Scan the records below for the line containing "Б/У Электрогитара Fender" and the line containing "Hồ Tấn T&agrave;i". Copy both, plus every line between, exactly.

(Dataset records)
* * * * * * * * *
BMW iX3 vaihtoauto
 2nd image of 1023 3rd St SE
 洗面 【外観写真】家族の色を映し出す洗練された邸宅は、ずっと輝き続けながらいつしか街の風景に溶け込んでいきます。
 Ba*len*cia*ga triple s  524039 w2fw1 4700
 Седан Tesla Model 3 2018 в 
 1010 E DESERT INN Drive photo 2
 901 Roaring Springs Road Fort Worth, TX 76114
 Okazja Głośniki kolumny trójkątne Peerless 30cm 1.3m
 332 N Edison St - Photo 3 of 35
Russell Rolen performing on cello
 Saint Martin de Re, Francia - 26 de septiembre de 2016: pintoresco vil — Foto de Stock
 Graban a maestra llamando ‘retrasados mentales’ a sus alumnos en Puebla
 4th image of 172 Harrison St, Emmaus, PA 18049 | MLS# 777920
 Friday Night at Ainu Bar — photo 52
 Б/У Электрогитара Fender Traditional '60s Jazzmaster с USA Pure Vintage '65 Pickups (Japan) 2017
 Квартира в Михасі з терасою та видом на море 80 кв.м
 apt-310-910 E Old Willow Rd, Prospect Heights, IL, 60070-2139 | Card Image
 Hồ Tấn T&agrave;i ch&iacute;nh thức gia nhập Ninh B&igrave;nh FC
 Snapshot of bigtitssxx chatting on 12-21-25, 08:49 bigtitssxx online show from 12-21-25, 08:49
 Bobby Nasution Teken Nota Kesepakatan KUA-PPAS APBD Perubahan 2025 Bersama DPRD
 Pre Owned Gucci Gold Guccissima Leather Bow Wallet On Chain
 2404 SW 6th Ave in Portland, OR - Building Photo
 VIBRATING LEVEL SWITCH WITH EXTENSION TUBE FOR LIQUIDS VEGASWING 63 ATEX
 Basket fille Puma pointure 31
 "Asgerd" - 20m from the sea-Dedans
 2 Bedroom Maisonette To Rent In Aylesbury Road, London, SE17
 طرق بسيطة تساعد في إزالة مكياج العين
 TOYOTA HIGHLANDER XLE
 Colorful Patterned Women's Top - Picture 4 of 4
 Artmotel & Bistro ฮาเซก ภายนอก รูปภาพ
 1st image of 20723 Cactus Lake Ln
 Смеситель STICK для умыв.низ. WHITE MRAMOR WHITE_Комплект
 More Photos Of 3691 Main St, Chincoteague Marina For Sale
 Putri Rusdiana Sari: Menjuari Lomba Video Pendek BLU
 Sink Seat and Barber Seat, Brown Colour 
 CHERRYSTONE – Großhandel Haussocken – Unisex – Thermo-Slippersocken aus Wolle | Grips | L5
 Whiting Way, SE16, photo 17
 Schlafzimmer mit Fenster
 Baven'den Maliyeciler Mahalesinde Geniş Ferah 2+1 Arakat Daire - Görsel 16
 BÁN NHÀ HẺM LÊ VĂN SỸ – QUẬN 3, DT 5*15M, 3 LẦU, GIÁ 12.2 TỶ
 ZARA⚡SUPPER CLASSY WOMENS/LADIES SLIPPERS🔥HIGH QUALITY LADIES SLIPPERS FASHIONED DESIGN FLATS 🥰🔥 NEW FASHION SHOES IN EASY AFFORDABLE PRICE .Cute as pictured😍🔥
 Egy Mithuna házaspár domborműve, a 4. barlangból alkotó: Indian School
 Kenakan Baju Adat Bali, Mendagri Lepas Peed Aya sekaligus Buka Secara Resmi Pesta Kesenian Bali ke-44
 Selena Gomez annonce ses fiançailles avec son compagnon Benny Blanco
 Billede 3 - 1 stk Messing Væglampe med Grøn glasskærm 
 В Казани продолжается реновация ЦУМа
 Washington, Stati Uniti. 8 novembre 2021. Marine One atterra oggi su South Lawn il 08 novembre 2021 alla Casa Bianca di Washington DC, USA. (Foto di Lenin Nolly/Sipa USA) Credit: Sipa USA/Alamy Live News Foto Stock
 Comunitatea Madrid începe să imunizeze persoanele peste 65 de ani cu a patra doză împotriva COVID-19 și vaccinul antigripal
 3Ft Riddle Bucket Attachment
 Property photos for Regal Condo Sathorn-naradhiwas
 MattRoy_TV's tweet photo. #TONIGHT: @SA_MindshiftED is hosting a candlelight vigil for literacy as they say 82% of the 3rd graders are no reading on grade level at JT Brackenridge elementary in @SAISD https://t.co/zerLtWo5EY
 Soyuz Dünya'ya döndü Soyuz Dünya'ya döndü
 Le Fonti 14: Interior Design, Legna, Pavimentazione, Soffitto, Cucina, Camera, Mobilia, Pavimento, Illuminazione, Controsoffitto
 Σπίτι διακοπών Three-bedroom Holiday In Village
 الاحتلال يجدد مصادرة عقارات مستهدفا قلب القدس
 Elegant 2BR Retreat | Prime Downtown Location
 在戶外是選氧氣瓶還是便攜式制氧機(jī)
* * * * * * * * *
Worked solution:
 Б/У Электрогитара Fender Traditional '60s Jazzmaster с USA Pure Vintage '65 Pickups (Japan) 2017
 Квартира в Михасі з терасою та видом на море 80 кв.м
 apt-310-910 E Old Willow Rd, Prospect Heights, IL, 60070-2139 | Card Image
 Hồ Tấn T&agrave;i ch&iacute;nh thức gia nhập Ninh B&igrave;nh FC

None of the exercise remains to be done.